Did I also mention an ingenious monologue by Walken?

Many of the individual scenes are also classic moments of tension and mood.  The infamous scene where Vincent is forced to stab a needle of adrenaline into a woman’s heart cavity is one of the all-time great moments of cinema, and Tarantino wisely chooses it to be both wildly hilarious and shocking at the same time.  The patience he also exhibits to get to this scene is also kind of remarkable.  Just when you think things are fine for Vincent, they completely snowball down disastrously.  The other tense moment occurs when Vincent and Jules interrogate the men they are about to hit.  That scene, too, has patience and develops to a stirring climax of energy and violence.  Sam Jackson has never been as forceful of a presence as he was in that scene.  Amazingly, that same scene is revisited in the third and final story, and at that time continues on to a hilarious climax. 

Without a doubt, the oddest and most troubling scene in the whole film occurs where Butch and Marsellus are held captive by a group of redneck hillbillies and their black-clad sex slave.  The scene involves a lot of blood, men being bound up, rape, and a great scene of retribution.  There is also a stabbing caused by a katana blade (in a small, but not-so-subtle reference to Tarantino’s love of martial arts films, which would prove itself to be integral to his future work).  The scene sounds harsh and needlessly violent, but it’s amazing if you think about how little on screen violence is in this scene, or in the rest of the film for that matter.  PULP FICTION has been given a very bad reputation for being graphically violent, yet there is only two on-screen deaths that I can think of, and the remaining other is obscured by the rear window of a car (and provides the film’s most shocking moment of dark comedy).  You never actually see bullets entering bodies or swords impaling their victims.  The violence largely occurs off-camera, where you mostly just witness reaction shots.  A few critics (and many concerned parental groups) chastised the film for glorifying violence.  Ironic, considering that there’s twenty times more on screen bloodshed and gore in a film like THE PASSION OF THE CHRIST.

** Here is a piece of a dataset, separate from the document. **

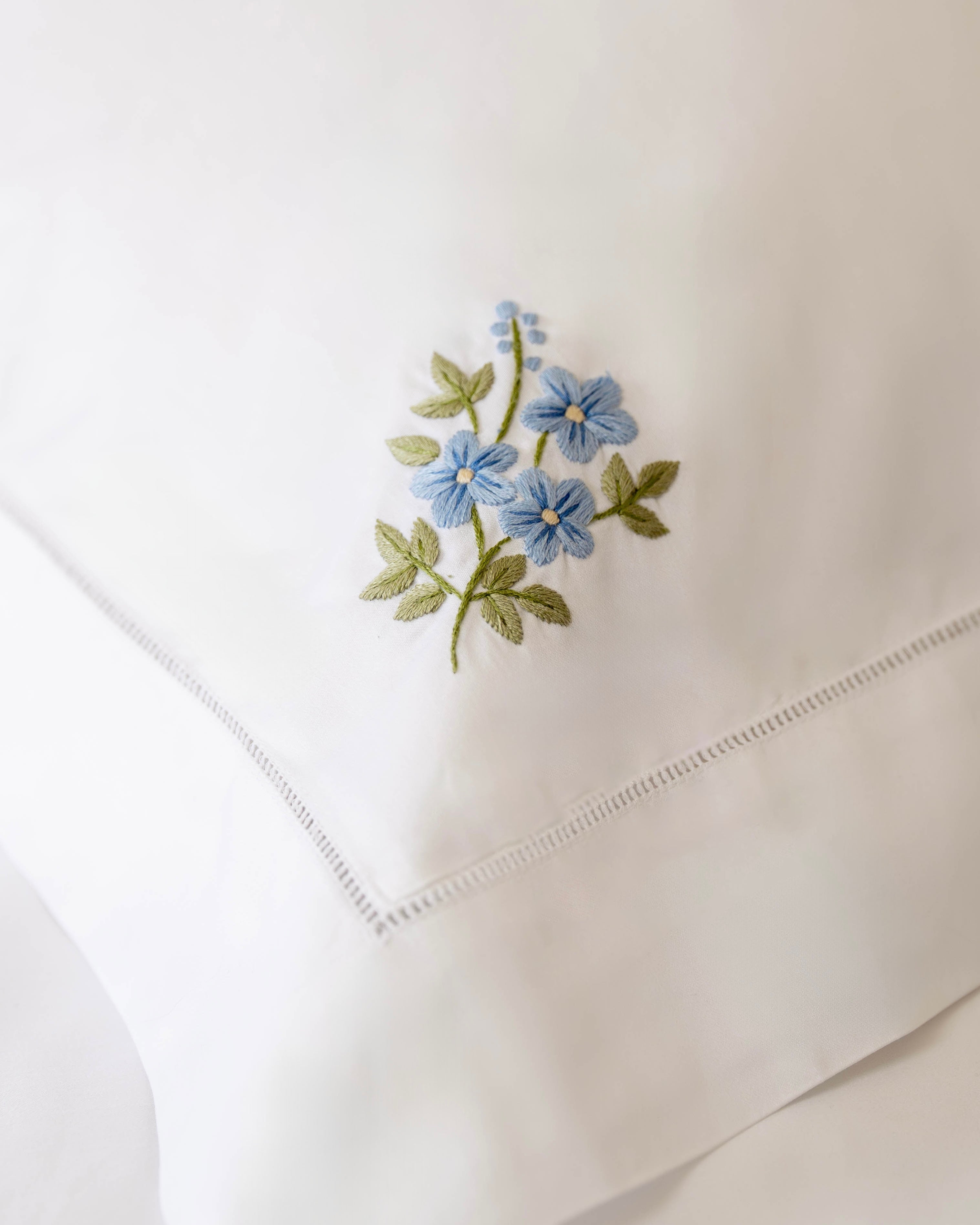 Blue Floral Embroidered Pillowcase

All of the performances are as perfect as they are going to get.  Travolta bravely emerged from this film by radically re-inventing himself and his on screen persona.  He was no longer the squeaky clean star of three LOOK WHO’S TALKING films.  In FICTION, he plays a heroine junkie and killer, yet he pulls off the amazing: he makes us like this thug.  Travolta has not been this good since URBAN COWBOY and SATURDAY NIGHT FEVER.  PULP FICTION allowed him to truly sink his teeth into character, and his Oscar nomination was deserved.  Jackson also received a nomination for his work, and he is the duo’s righteous and moral center.  He too is a questionable character – he also kills people – but at his heart is a man that wants inner peace and redemption, and at the end you really believe he’ll get it.  Uma Thurman also has a lot of spunk in her part, and acts as a great counterpoint to Travolta.  Vincent seems overly cautious on his date, whereas Mia feels free and extroverted.  The film’s only weak spot is in the character of The Wolf.  Its not that he’s poorly played by Keitel, its just that he seems a redundant character.  He feels more like an excuse to bring back a RESERVOIR DOGS alumni back as a self-aware statement.  And really, what was his point?  Where Vincent and Jules so incompetent that they needed someone to come over and tell them to get rid of a body and clean the body’s brain matter off of the windshield of their car?

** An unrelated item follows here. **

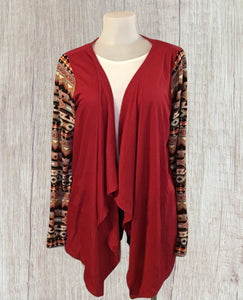 Open front draped cardigan with patterned sleeves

That’s nitpicking and it undermines PULP FICTION as one of the best and most important films to emerge from Hollywood in the 90’s.  It established Tarantino as a major new voice in American cinema, one whose work has inspired countless ripoffs without any of the same success.  PULP FICTION is an original, a film that transcends the artform, plays around and breaks the conventional rules of cinema, and provides an exciting and entertaining two and a half hours of delight.  The film is also devilishly amusing.  The film shined a refreshing new light on the movie world, and its legacy is still felt today.  It’s vulgar, crude, and intense…but it’s also a classic. 

To loosely paraphrase Jules, PULP FICTION is like Fonzy: It's just plain cool.